IN THE SUPREME COURT OF TENNESSEE
AT NASHVILLE
SHERRY WIMLEY, ) FOR PUBLICATION
)
Plaintiff/Appellee, ) Filed: October 7, 1996
)
v. ) Davidson County
)
LINDA RUDOLPH, Commissioner ) Hon. C. Allen High, Chancellor
of the Tennessee Department )
of Human Services, ) No. 01S01-9507-CH-00108
)
Defendant/Appellant. )
FILED
October 7, 1996
Cecil W. Crowson
For Appellant: For Appellee: Appellate Court Clerk
Charles W. Burson David Kozlowski
Attorney General and Reporter Legal Services of South
Central Tennessee, Inc.
Michael E. Moore Tullahoma, TN
Solicitor General
Dianne Stamey Dycus
Senior Counsel
CIVIL DIVISION
Nashville, TN
OP I N I O N
AFFIRMED WHITE, J.
The issue in this case is whether plaintiff can combine an original
action under 42 U.S.C. § 1983 with a petition for judicial review under the
Uniform Administration Procedures Act when the sole relief requested
under the Section 1983 claim is an award of attorney fees. We affirm the
Court of Appeals’ decision allowing plaintiff an award of attorney fees.
Plaintiff, a recipient of Aid for Dependent Children (AFDC)
benefits, contacted the Department of Human Services (DHS) when she
learned she would be receiving inheritance from her uncle’s estate. She
was told to keep a copy of the check and receipts for its use and was
further advised that the inheritance would not affect her benefits. Seven
months after turning the receipts over to DHS, plaintiff was advised that
her benefits were being terminated. Following an appeal and an
administrative hearing, plaintiff’s benefits were terminated for nine
months. Additionally, plaintiff was deemed responsible for the
overpayments made during the seven months in which DHS failed to take
action.
Following the denial of a petition to rehear, an appeal, and a petition
to reconsider the final order, plaintiff sought judicial review in the
Davidson County Chancery Court under the Uniform Administrative
Procedures Act, Tennessee Code Annotated Sections 4-5-301 et seq.

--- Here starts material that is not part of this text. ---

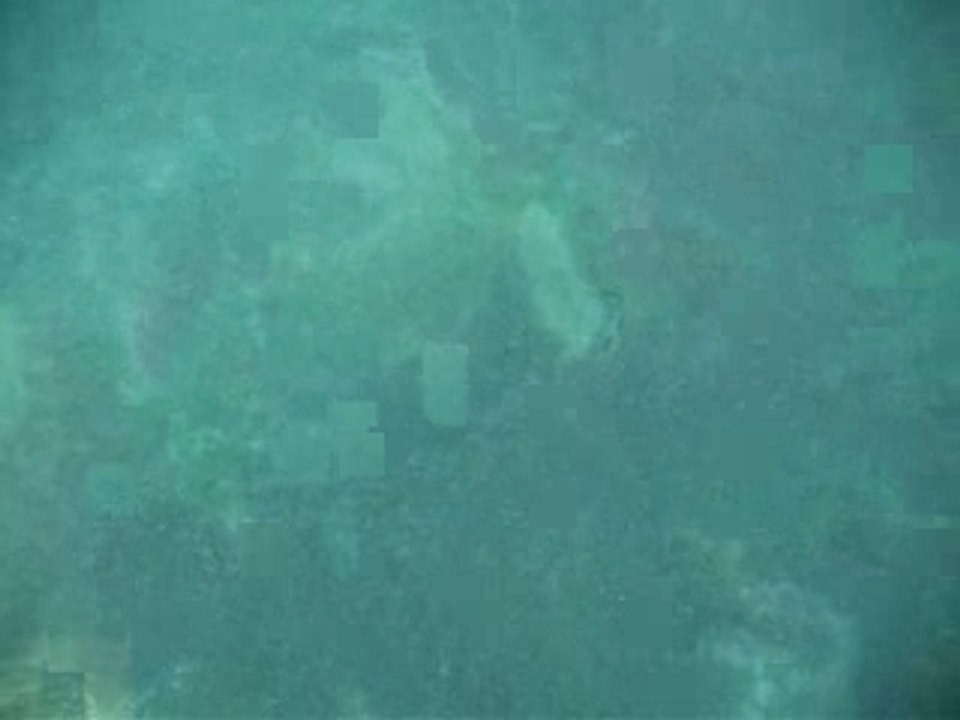 Vid_tortueverte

Plaintiff's complaint, in its introductory paragraphs, sought judicial review
of the decision made by DHS finding her ineligible for continued AFDC
benefits and sought to proceed "pursuant to 42 U.S.C. § 1983.”
2
Each of the factual allegations in plaintiff’s complaint pertained to
the circumstances surrounding her receipt of the inheritance, report of the
inheritance, and termination of benefits. The "Causes of Action" section
of the complaint referred again to the actions of DHS in determining her
AFDC eligibility. In both, plaintiff asked that DHS ruling that finding her
ineligible for AFDC benefits be reversed.
In her prayer for relief, in addition to requesting that the court
reverse the decision of DHS terminating her AFDC benefits, plaintiff
requested that the court "[a]ssess costs, including a reasonable attorney's
fee as provided by 42 U.S.C. §1988 . . . . " The state moved to dismiss the
request for attorney fees in a pretrial motion. The Chancery Court
overruled the motion to dismiss, found in plaintiff’s behalf, and allowed
plaintiff to file a request for attorney's fees under Section 1988.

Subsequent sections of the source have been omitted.